Diaz-Canel's Tour to Defend Measures that Terrify Cubans – Havana Times

Díaz-Canel visited a high school, a day-care center, an agro-sugar company and a food processing center in Bahía Honda. (Cubadebate)

The president affirms that “each measure will be applied when the conditions are created”, although they are all planned for February and March.

By 14ymedio

HAVANA TIMES – A little more than 10 kilometers from the place from which thousands of Cubans flee the Island in boats and precarious vessels and where 14 months ago seven rafters died after being attacked by the Border Guard Troops, Cuban President Miguel Díaz-Canel began this Thursday by failing to tell the truth in his  first tour of the Island  in 2024. The president stated in Bahía Honda, Artemisa, that the government measures to “invigorate the economy” “have been announced and none have been applied.”

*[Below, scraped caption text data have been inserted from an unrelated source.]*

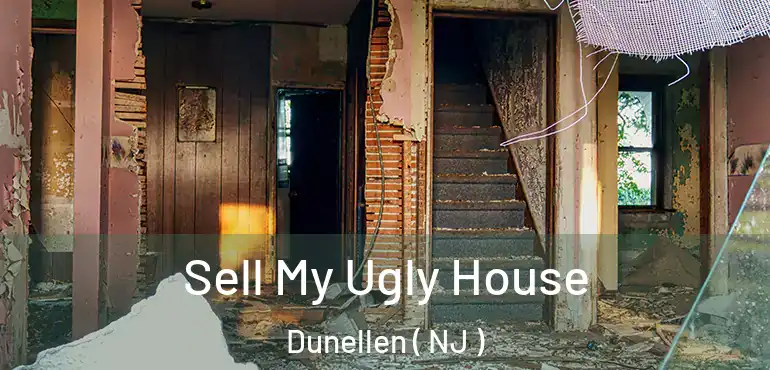  Sell My Ugly House Dunellen ( NJ )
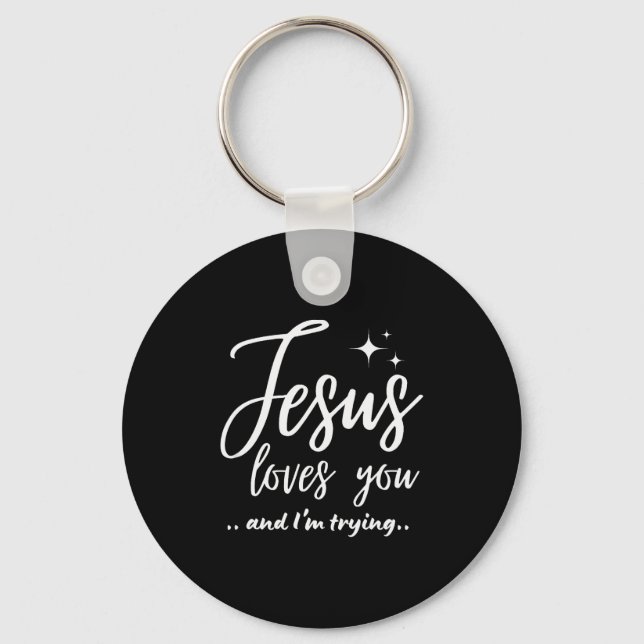 Porte-clés Jesus Loves You And I'm Trying Funny Christian Eva (Recto)
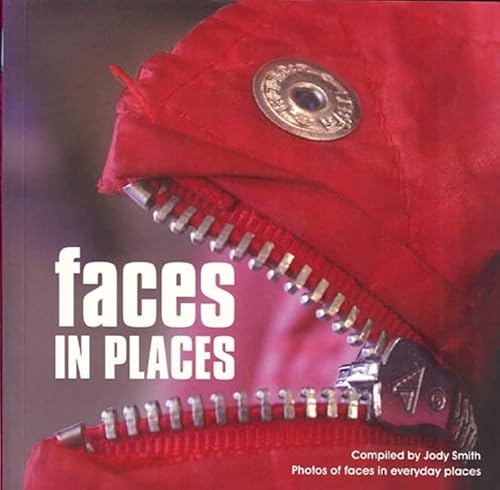 Imagen de archivo de Faces in Places: A Photographic Collection of Faces Found in Everyday Places a la venta por Revaluation Books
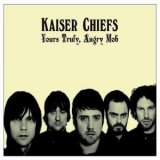 Kaiser Chiefs - Yours Truly Angry Mob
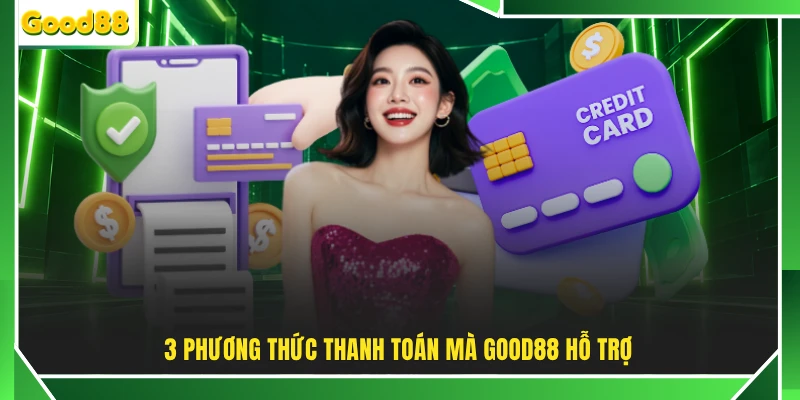 3 phương thức thanh toán mà GOOD88 hỗ trợ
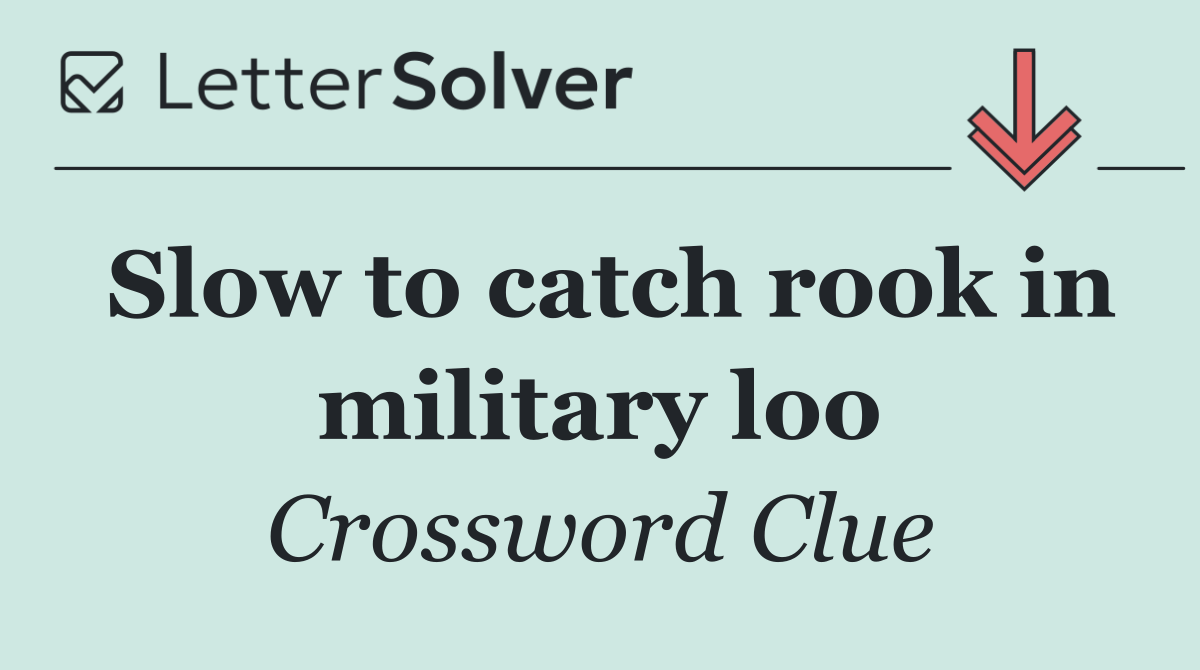 Slow to catch rook in military loo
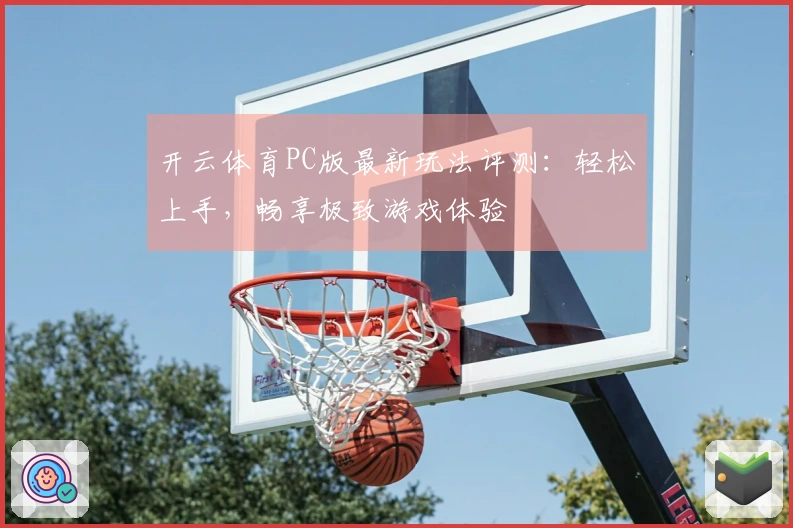 开云体育PC版最新玩法评测：轻松上手，畅享极致游戏体验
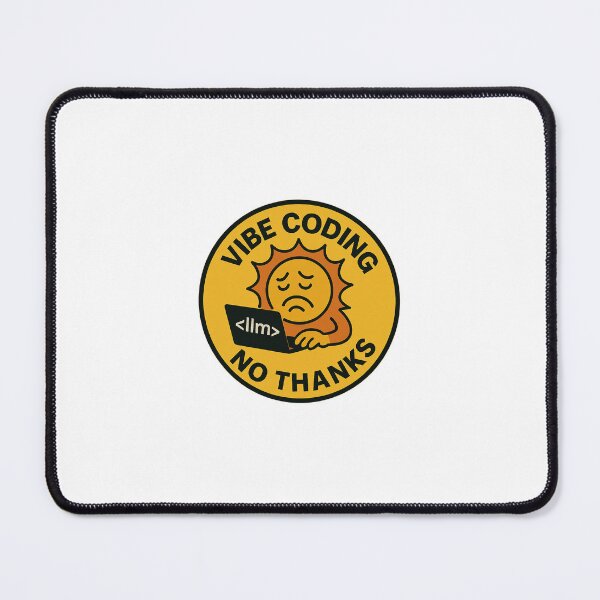 Item preview, Vibe Coding No Thanks designed and sold by Road2Nohand.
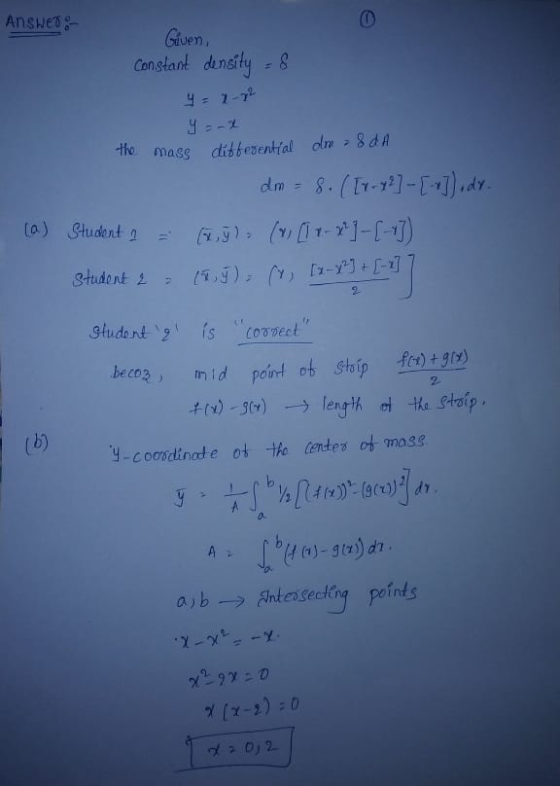Answer :- o Given, Constant density = 8 y = 1-2 2 the mass differential dm = 8 d A dm = 8. ([r - 72 ] - [+]) , dr. (a) Studen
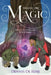 Bristlecone Magic: There is more than one kind of magic. by Dennis De Rose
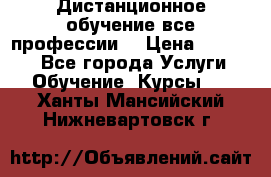 Дистанционное обучение все профессии  › Цена ­ 10 000 - Все города Услуги » Обучение. Курсы   . Ханты-Мансийский,Нижневартовск г.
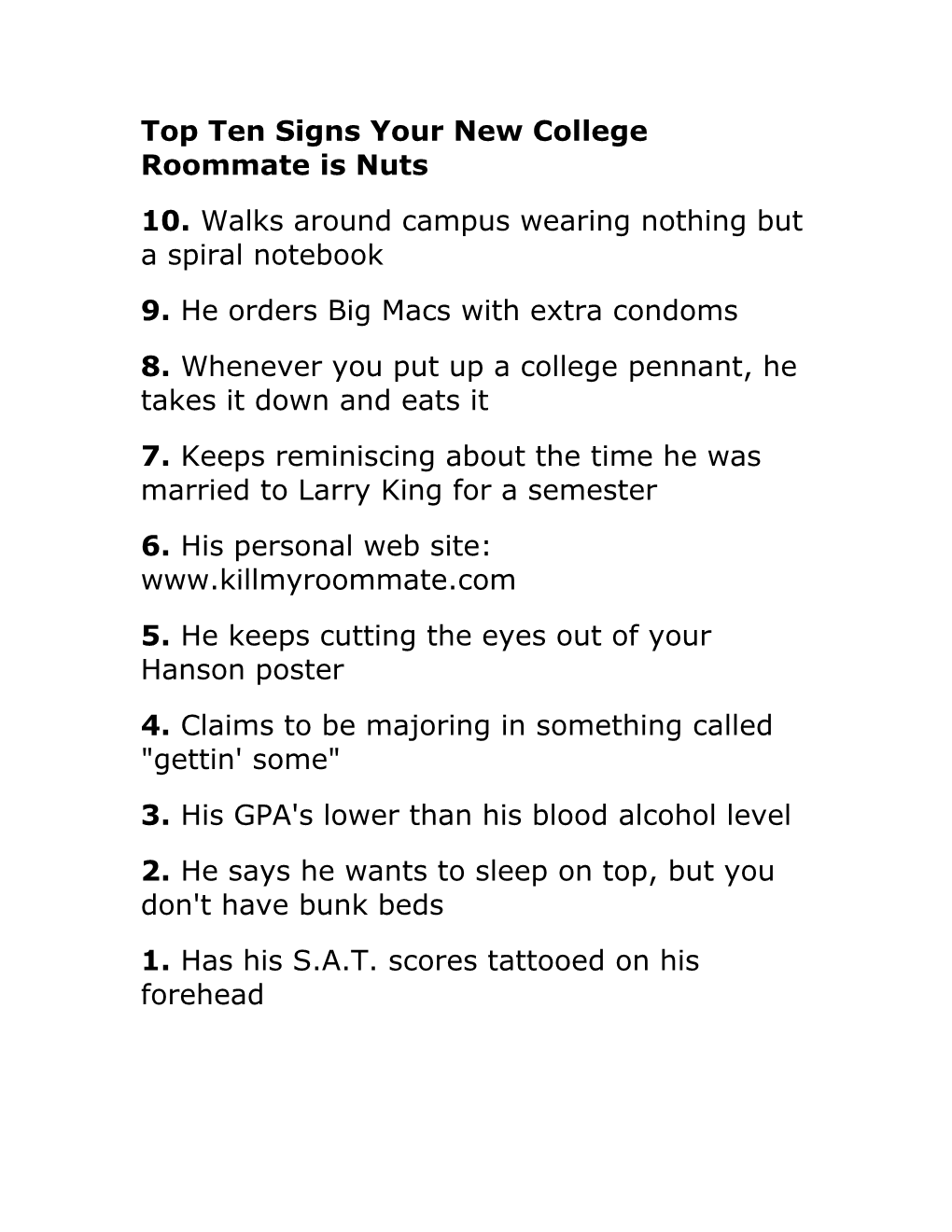 Top Ten Signs Your New College Roommate Is Nuts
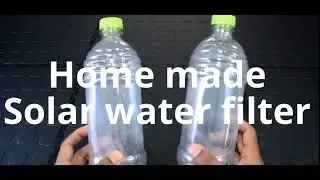 Solar Water Purifier at Home || Science Project || Science Experiment || Srilakshmireddy Official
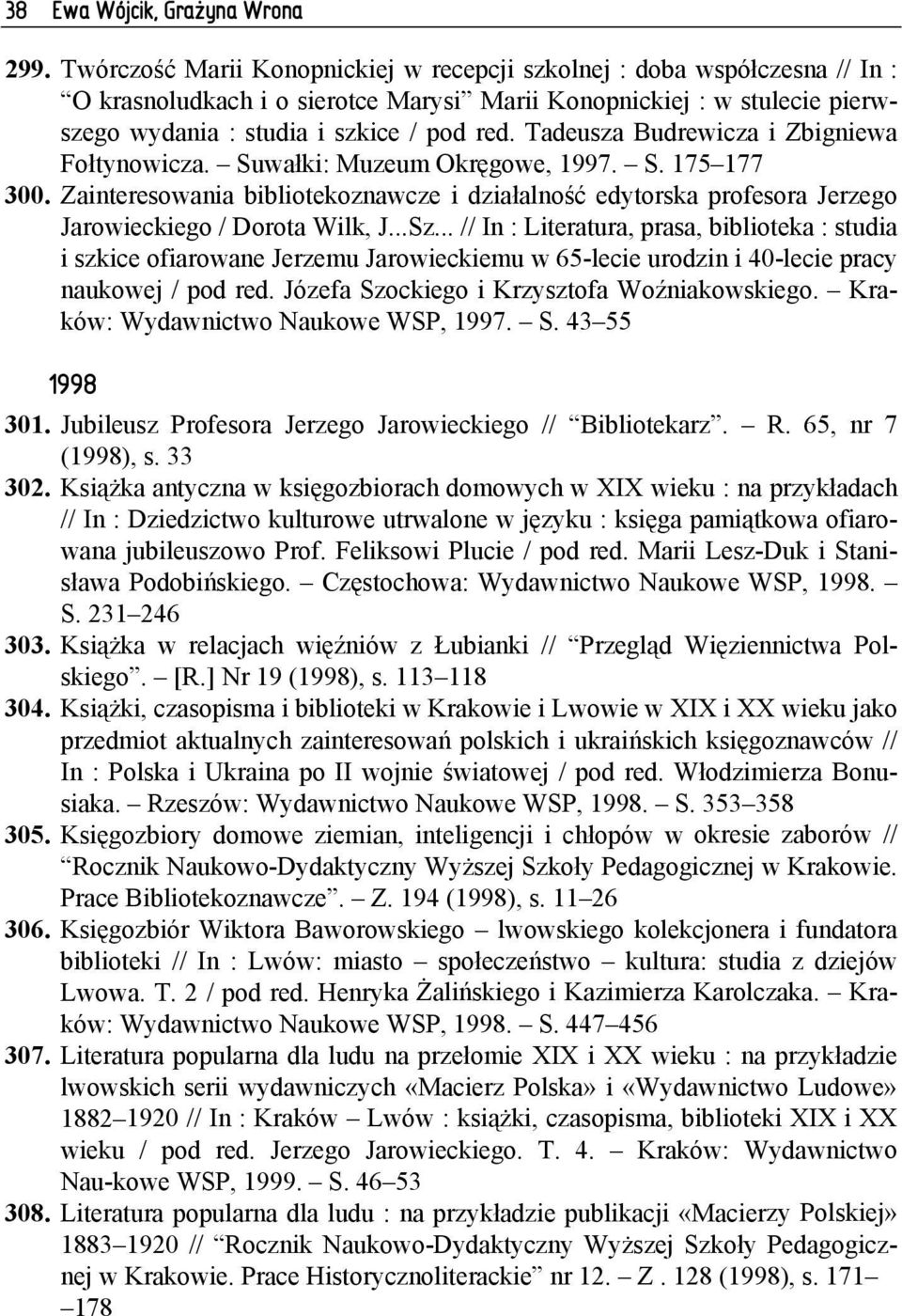 Zainteresowania bibliotekoznawcze i działalność edytorska profesora Jerzego Jarowieckiego / Dorota Wilk, J...Sz.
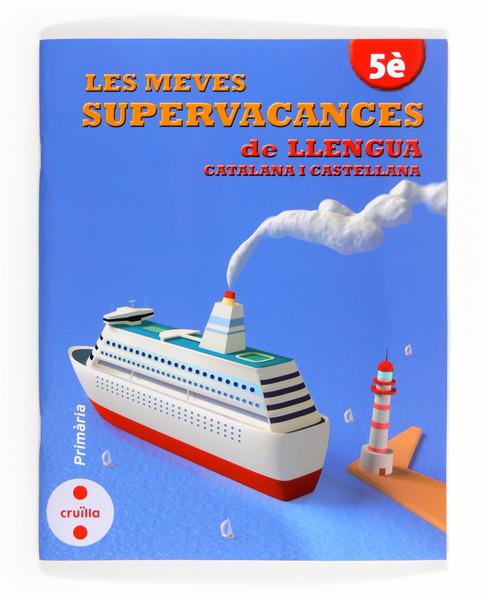 C-5EP.SUPERVACANCES DE LLENGUA CATALANA I CASTELLANA | 9788466132527 | EQUIP EDITORIAL CRUÏLLA, | Llibreria Ombra | Llibreria online de Rubí, Barcelona | Comprar llibres en català i castellà online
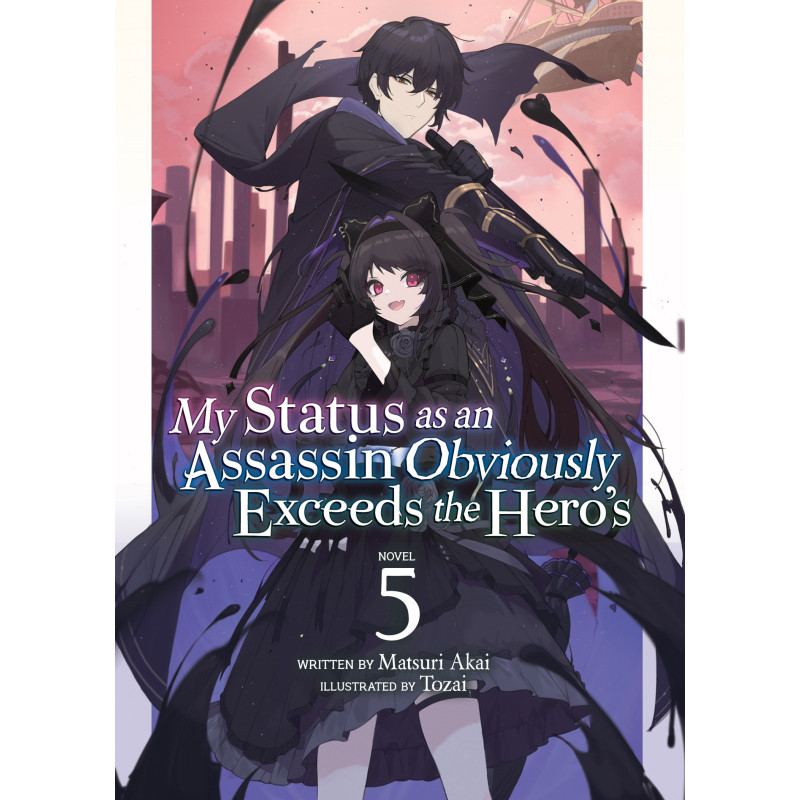 MY STATUS AS AN ASSASSIN OBVIOUSLY EXCEEDS THE HERO'S (LIGHT NOVEL) VOL. 5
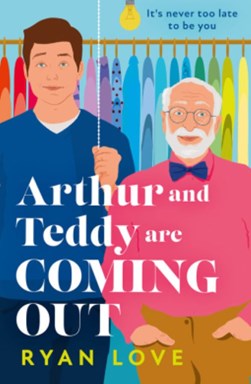 Arthur and Teddy are Coming Out  P/B by Ryan Love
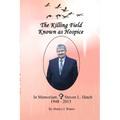 The Killing Field Known as Hospice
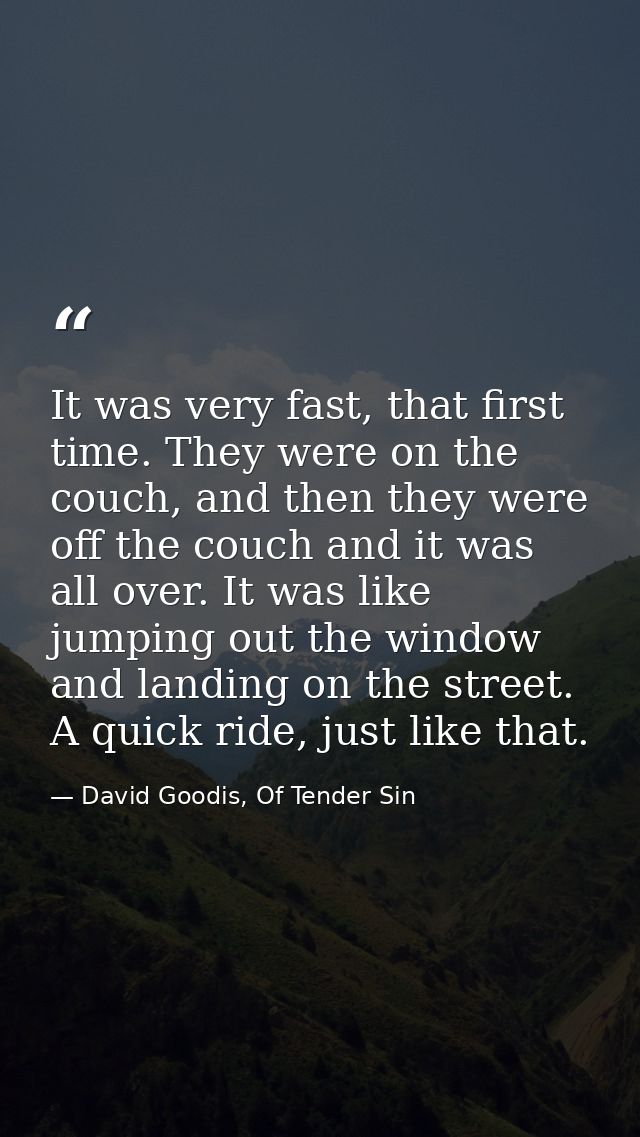It was very fast, that first time. They were on the couch, and then they were off the couch and it was all over. It was  — David Goodis, Of Tender Sin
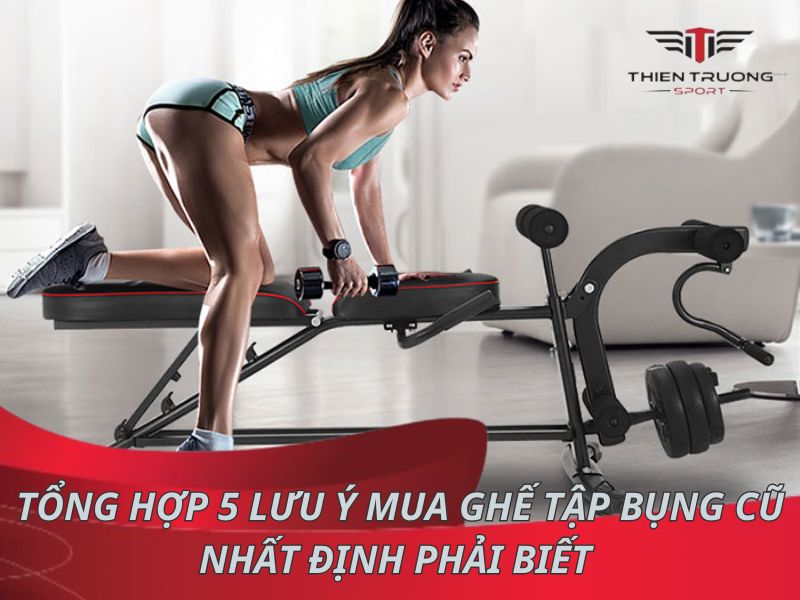  5 lưu ý mua ghế tập bụng cũ nhất định phải biết 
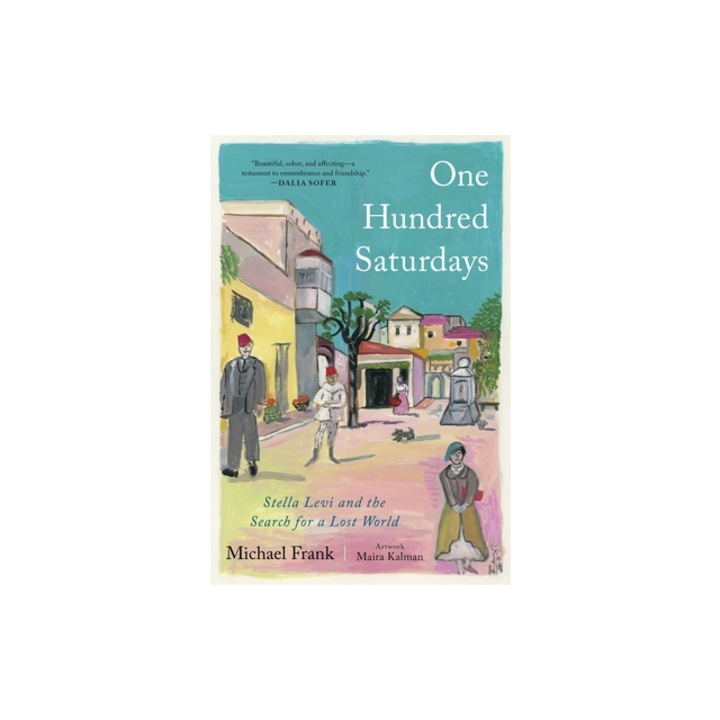 One Hundred Saturdays Stella Levi and the Search for a Lost World, Michael Frank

The president thus ignored the fact that on January 1 some of them came into force, the (yes, expected) salary increases for Education and Health personnel, and the tax increases, which put an end to tax exemptions on imports of consumer products by private companies, although they are maintained for raw materials.

Díaz-Canel may claim that he was referring to the increases in the price of supplies and some basic services – electricity, gas, transportation and fuels – which are the ones that have most agitated the population, but in that case he was not right either. “Nothing has changed. The other thing is that each measure will be applied when the conditions are created,” he specified.

Unless the Government reverses its announcements, these increases already have a designated schedule to go into effect. On February 1, the new fuel prices come into force, which represent increases of around 500%, while increases in the prices of electricity, gas and transport  will do so from March 1, as reported on television by the ministers of each area, who allegedly spoke to clarify doubts for the population.

But their boss’s words call into question whether the desired clarity has been achieved. “There is a lot of talk with the economic measures, and I know that this is creating a lot of uncertainty; and above all the counterrevolution is greatly detracting from the measures,” he added, while he was the one who sowed doubt about something that seemed clear to date.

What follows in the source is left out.